Come Tuesday, Christina Galindo-Walsh will be hunkered down at a command center in Arlington, intent on ensuring that disabled voters get to the polls.
Advocacy groups have pushed for laws allowing greater access to the voting booth. They have traveled to rehabilitation centers and sheltered workshops to register voters. And they have lined up vans and volunteers in battleground states to transport the disabled Nov. 2.
Now, with the air thick with legal challenges, advocates are pooling their legal resources to ensure that those with mental and physical limitations are not blocked from voting.
Some groups "are targeting vulnerable communities," said Galindo-Walsh, a lawyer who works for the National Association of Protection Advocacy Systems, a network of state agencies overseeing the rights of the disabled. "Individuals with disabilities are especially vulnerable to challenges."
In Ohio, for instance, local Republican Party activists pledged last week to challenge mentally disabled voters not accompanied by a legal guardian.
"They are not going to block our vote," said Becky Ogle, a Democratic Party coordinator, as she left Bethesda for Ohio last week.

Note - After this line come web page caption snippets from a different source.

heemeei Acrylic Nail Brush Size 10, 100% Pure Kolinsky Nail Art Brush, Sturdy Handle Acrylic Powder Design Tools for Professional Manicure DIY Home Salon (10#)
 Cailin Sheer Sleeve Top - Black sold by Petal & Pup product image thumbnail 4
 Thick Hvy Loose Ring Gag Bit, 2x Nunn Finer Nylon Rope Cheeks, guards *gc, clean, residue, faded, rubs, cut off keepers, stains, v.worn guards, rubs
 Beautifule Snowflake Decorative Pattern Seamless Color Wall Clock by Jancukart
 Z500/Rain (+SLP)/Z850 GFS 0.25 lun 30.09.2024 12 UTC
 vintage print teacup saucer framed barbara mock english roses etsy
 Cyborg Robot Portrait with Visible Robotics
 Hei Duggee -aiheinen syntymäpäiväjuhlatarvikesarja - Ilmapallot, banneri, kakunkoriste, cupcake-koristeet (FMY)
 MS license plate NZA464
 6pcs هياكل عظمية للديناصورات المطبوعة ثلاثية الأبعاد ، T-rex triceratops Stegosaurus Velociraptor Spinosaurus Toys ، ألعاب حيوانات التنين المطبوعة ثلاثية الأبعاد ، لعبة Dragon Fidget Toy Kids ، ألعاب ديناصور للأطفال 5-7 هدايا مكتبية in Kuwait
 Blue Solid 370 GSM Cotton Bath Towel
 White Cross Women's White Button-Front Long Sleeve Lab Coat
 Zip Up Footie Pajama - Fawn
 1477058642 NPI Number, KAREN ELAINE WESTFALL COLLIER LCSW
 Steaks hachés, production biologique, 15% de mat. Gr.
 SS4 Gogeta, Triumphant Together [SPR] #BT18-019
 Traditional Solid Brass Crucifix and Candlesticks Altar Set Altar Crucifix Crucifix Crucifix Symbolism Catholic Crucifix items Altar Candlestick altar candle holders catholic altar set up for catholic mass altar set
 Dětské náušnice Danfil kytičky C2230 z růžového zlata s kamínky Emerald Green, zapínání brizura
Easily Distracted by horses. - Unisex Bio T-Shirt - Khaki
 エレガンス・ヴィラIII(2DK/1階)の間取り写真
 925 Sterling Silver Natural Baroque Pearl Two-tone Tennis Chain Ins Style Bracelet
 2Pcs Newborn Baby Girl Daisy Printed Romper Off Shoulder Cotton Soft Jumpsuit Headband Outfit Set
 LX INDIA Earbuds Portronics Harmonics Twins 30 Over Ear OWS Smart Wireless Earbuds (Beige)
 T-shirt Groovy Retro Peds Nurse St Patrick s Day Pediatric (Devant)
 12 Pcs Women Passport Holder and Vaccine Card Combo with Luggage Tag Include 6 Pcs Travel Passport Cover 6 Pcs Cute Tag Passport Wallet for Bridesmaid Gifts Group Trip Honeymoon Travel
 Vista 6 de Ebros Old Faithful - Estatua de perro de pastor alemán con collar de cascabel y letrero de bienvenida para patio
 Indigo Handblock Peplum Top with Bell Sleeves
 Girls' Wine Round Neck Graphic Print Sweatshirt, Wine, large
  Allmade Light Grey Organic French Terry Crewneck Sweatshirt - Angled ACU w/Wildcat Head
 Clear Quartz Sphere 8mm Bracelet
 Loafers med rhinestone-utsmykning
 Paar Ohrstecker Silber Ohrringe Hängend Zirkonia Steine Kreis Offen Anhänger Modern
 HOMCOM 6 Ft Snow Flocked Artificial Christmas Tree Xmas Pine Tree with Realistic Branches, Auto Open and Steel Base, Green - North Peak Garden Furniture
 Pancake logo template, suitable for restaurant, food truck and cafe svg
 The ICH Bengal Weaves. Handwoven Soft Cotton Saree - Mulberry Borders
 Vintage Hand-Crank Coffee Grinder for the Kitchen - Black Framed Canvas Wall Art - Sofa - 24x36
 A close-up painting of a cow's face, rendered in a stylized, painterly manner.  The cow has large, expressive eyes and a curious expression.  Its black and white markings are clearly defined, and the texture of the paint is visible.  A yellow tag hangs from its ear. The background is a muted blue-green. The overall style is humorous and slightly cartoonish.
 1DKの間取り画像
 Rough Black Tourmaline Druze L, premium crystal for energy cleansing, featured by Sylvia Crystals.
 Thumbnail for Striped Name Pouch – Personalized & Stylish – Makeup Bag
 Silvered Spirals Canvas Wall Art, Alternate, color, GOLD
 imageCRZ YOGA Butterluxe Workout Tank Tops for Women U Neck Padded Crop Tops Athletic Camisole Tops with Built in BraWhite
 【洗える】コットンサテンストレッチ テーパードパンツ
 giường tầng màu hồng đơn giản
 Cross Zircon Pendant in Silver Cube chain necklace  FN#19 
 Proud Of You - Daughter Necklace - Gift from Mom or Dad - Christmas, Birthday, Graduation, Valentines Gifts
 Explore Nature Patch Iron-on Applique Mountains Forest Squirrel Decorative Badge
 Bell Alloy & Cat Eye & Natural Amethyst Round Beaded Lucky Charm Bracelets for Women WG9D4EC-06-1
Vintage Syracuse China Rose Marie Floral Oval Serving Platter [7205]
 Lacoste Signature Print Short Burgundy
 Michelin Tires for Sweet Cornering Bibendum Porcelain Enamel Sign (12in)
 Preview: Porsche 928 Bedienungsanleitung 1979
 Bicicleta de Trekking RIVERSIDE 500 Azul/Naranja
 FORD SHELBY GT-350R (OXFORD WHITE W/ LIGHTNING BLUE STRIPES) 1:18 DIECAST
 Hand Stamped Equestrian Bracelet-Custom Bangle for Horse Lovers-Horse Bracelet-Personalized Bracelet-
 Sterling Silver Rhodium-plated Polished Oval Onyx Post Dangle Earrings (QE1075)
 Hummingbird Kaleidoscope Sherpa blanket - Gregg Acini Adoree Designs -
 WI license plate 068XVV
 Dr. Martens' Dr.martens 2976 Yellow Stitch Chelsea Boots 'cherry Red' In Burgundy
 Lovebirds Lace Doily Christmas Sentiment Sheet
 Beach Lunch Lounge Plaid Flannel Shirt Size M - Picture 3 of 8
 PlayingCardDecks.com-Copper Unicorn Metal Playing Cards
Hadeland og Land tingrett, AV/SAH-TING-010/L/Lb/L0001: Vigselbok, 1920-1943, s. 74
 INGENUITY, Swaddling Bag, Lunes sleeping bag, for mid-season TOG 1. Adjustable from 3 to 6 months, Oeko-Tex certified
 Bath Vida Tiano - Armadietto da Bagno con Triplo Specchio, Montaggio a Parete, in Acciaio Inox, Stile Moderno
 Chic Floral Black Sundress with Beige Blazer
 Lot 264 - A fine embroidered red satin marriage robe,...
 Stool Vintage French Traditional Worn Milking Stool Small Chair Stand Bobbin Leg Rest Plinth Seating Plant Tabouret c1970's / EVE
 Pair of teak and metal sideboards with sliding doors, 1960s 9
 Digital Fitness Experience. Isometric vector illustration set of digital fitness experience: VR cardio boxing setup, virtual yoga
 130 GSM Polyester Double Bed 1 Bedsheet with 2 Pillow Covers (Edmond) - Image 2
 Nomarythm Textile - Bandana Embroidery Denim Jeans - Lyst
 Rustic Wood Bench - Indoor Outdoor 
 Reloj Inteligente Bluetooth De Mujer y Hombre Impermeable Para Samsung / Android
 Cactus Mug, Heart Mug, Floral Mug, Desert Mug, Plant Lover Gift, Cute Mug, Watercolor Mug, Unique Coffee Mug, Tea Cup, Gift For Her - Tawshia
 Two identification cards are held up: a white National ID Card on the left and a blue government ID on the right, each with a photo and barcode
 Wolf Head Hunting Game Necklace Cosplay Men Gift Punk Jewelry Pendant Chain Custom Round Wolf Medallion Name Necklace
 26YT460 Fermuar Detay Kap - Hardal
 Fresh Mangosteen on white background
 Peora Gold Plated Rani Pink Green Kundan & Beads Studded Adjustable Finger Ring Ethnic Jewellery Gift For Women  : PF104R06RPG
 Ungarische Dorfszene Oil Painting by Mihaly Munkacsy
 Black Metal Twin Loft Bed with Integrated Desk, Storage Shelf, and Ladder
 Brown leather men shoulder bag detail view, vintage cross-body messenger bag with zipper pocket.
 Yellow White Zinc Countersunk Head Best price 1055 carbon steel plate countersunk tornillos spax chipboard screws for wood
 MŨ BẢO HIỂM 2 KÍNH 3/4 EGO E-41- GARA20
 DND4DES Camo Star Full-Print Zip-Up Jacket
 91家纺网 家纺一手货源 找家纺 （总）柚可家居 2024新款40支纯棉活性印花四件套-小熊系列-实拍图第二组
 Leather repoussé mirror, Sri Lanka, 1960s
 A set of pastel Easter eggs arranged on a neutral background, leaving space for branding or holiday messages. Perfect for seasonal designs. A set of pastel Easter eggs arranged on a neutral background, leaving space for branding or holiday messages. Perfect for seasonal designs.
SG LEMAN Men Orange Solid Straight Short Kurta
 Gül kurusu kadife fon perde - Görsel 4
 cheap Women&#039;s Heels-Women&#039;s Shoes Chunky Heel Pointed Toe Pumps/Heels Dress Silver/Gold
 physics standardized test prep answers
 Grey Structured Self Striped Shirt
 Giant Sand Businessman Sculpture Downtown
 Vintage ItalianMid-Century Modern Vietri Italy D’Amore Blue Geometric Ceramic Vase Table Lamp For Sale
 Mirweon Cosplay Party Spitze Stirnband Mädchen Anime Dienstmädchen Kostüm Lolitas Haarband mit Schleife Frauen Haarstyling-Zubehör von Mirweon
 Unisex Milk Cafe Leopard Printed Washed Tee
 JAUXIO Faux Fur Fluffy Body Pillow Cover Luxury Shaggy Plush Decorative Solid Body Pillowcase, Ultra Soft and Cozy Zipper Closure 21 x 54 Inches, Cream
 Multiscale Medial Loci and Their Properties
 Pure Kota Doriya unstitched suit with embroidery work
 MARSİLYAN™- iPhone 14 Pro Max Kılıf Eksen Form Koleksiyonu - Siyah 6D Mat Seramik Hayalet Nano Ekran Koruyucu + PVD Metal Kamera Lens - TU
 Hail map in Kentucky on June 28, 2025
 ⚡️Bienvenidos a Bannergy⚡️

The disabled have long had low voter turnouts. But in what is expected to be an extraordinarily tight election, advocates are focused on getting as many of the nation's estimated 40 million voting-age disabled people to the polls as they can.
Since the 2000 election, advocacy groups have registered thousands of new voters. Now they are sending mailings, mobilizing phone banks and organizing van pools. Democratic and Republican leaders are targeting this huge subset of voters, which includes people with speech and hearing impairments, addictions, mental illness, blindness and quadriplegia.
As a bloc, the disabled have traditionally voted Democratic. An October Reuters/Zogby International poll found that likely disabled voters favored Democratic Sen. John F. Kerry (Mass.) over President Bush, 58 percent to 34 percent -- a split reminiscent of their margin of support for Democrat Al Gore in his 2000 race against Bush.
But Republicans are fighting to win over the disabled, as well. They have recruited more than 4,000 disabled "team leaders" across the country to go door-to-door, make phone calls and get voters to the polls, Republican National Committee spokeswoman Christine Iverson said.
"We want to reach out to all voters," Iverson said, "including voters who haven't voted Republican in the past."
Democratic campaign coordinators in battleground states are equipped with telephone lists of thousands of rehabilitation centers they are targeting, said Ogle, who is the disability outreach coordinator for the Democratic National Committee.
"The Democratic Party -- as well as the Kerry-Edwards campaign -- is aggressively courting the disabled community," said Ogle, who has spina bifida.
Driving a handicapped-accessible van, Ogle was bound for Cuyahoga County, Ohio, to combat the possible legal challenge aimed at mentally disabled voters. The county's GOP chairman, Jim Trakas, initially said his observers would challenge anyone who was assisted by someone other than a legal guardian.